Applications using two-phase locking cannot scale well


Last Updated on Feb 26, 2021

Though two-phase locking is a widely used algorithm for serializability in databases, the reason it hasn't been used extensively is performance. Transaction throughput and response times are significantly worse under two-phase lacking than under weak isolation.

There is a performance hit because of two reasons:

  • Overhead of acquiring and releasing locks (more frequently than when using Explicit Locks)
  • Reduced concurrency because of transactions waiting for other inflight transactions to complete

These issues can cause widely varying response times, even for OLTP applications that keep transactions short. A single transaction waiting in queue for access may, in turn, block all other transactions waiting to access the same object, resulting in a line-up.
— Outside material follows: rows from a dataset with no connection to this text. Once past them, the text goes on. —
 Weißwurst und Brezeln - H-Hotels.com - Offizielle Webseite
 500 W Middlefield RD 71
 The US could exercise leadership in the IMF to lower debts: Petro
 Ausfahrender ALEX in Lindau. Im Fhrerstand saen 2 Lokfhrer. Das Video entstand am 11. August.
Even when applications and databases have reasonable defaults for aborting long-running transactions, the time limit is untenable for real-time applications.

Databases perform significantly worse under heavy load when there is high contention for object access. Deadlocks can occur more frequently under 2PL serializable isolation, depending on data access patterns. So one slow transaction that accesses a lot of data and acquires many locks may bring the entire system down. Plus, transactions that are aborted need to be retried again, adding to the load of the database.

These concerns make 2PL impracticable for most applications, which are data-intensive or service a high number of concurrent users.